Raw data section start
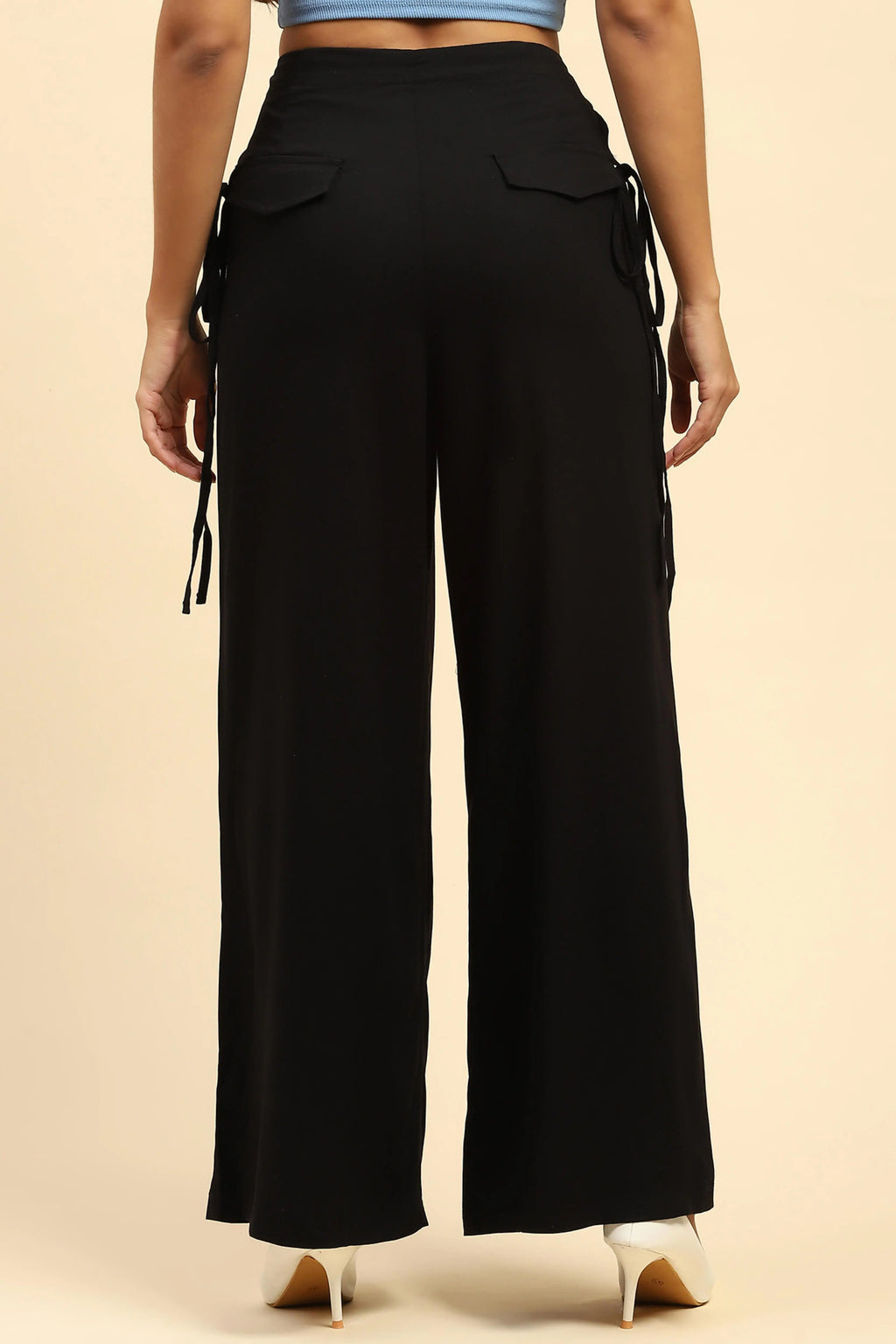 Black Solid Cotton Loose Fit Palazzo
Raw data section end
Raw data section start
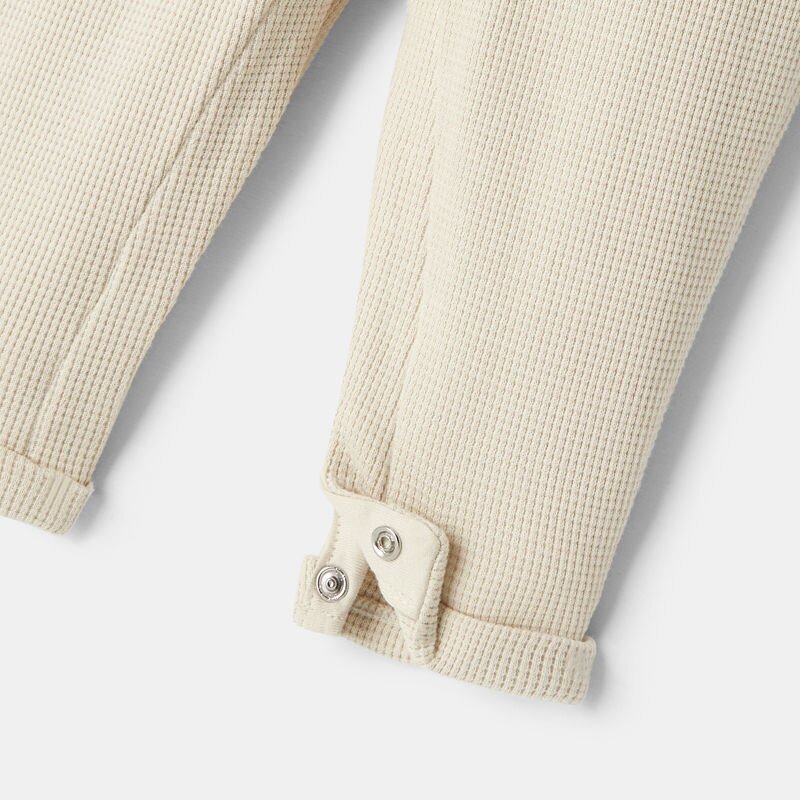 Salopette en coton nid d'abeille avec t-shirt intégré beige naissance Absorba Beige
Raw data section end
Raw data section start
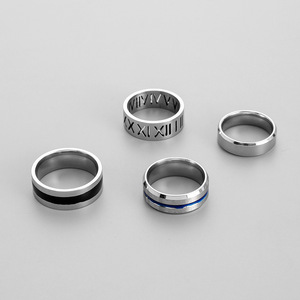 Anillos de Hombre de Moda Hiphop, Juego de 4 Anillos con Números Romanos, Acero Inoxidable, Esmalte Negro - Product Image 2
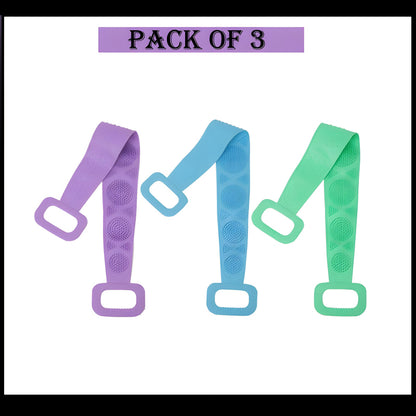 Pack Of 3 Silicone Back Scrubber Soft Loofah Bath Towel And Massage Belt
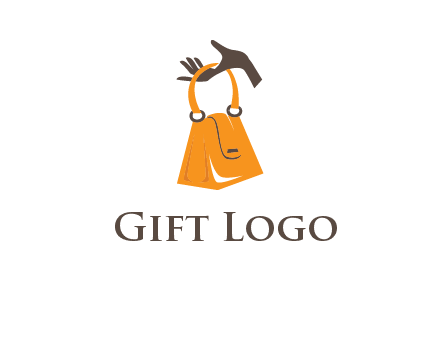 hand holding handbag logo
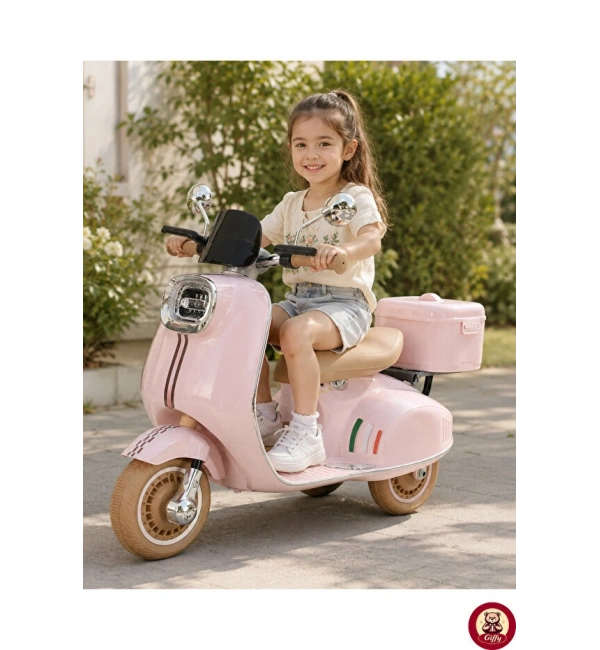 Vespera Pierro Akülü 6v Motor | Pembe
Raw data section end
Only the lines of the listing above from the one with "Anillos de Hombre" through the one with "Vespera Pierro Akülü 6v Motor | Pembe" should be output, exactly, with both ends kept and pictures left out.

 Anillos de Hombre de Moda Hiphop, Juego de 4 Anillos con Números Romanos, Acero Inoxidable, Esmalte Negro - Product Image 2
 Pack Of 3 Silicone Back Scrubber Soft Loofah Bath Towel And Massage Belt
 hand holding handbag logo
 Vespera Pierro Akülü 6v Motor | Pembe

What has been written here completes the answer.